As for other Resident Evil 4 connections, Village features an eccentric merchant character called the Duke, who seems to follow you around the game. Sound familiar? The structure also seems similar, with a move from the rustic, rural village setting, to the castle, which is grander and more opulent. You could accuse Village (at least based on the relatively small amount of footage I’ve seen) of being a retread, or a soft reboot of, Resident Evil 4. But despite the similarities, the wintry setting, bizarre characters, first-person perspective, photogrammetry-powered visuals, and general vibe feel very different—more in line with the recent games in terms of tone, art, and audio design.

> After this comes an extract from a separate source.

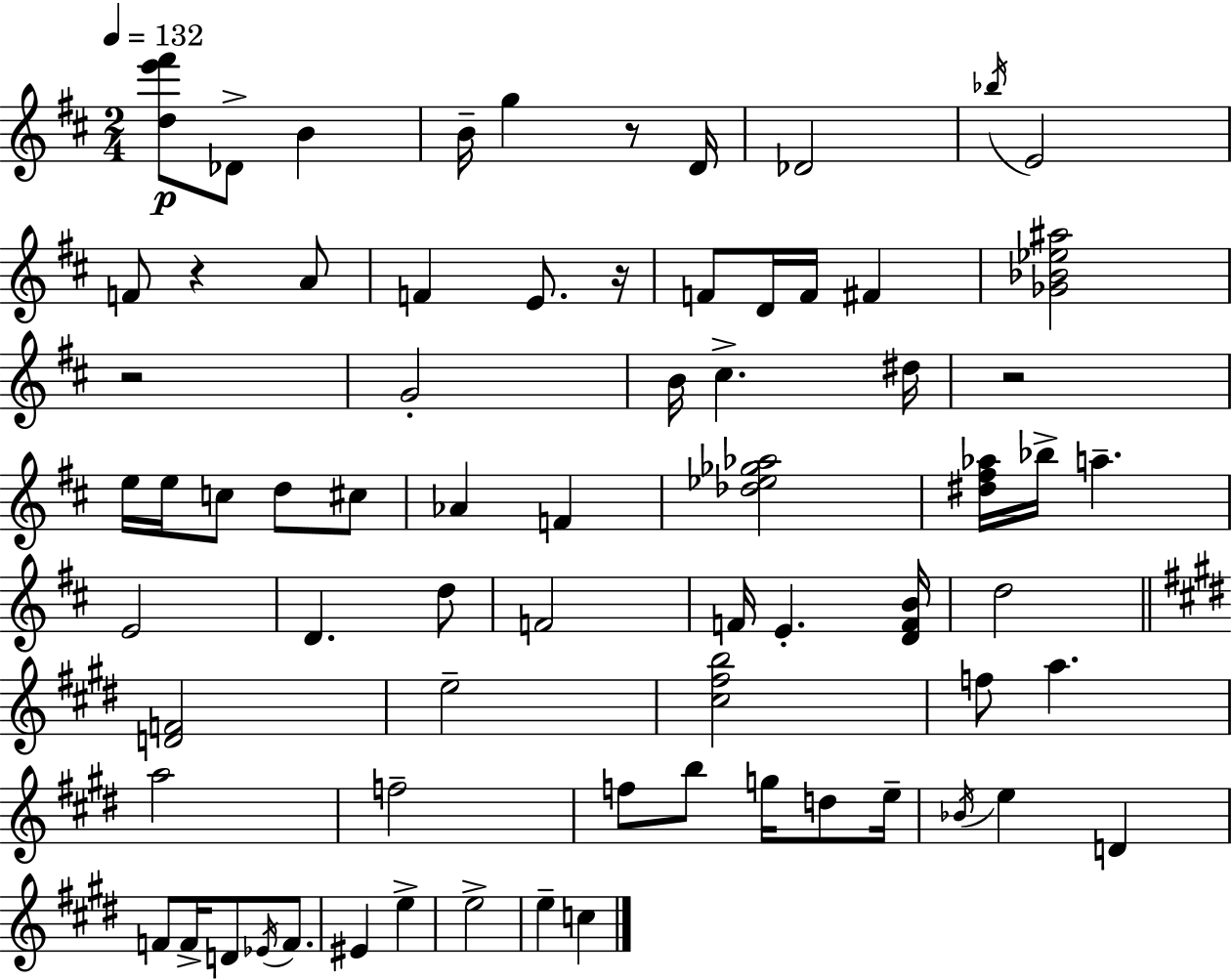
[D5,E6,F#6]/e Db4/e B4/q B4/s G5/q R/e D4/s Db4/h Bb5/s E4/h F4/e R/q A4/e F4/q E4/e. R/s F4/e D4/s F4/s F#4/q [Gb4,Bb4,Eb5,A#5]/h R/h G4/h B4/s C#5/q. D#5/s R/h E5/s E5/s C5/e D5/e C#5/e Ab4/q F4/q [Db5,Eb5,Gb5,Ab5]/h [D#5,F#5,Ab5]/s Bb5/s A5/q. E4/h D4/q. D5/e F4/h F4/s E4/q. [D4,F4,B4]/s D5/h [D4,F4]/h E5/h [C#5,F#5,B5]/h F5/e A5/q. A5/h F5/h F5/e B5/e G5/s D5/e E5/s Bb4/s E5/q D4/q F4/e F4/s D4/e Eb4/s F4/e. EIS4/q E5/q E5/h E5/q C5/q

Resident Evil 4 is also a fairly relentless game, and Village seems to have plenty of moments that recall the more leisurely paced RE7. There are long, quiet periods of exploration, where Winters is given time and space to soak up the atmosphere. It’s too early to say for sure, but I feel like this game could almost be like a mash-up of the best of RE4 and RE7—which is pretty exciting, considering they’re both great games in their own right. Whatever Capcom is trying to pull off here, Village is looking like another fine entry in the series, and I am eagerly awaiting its release on May 7.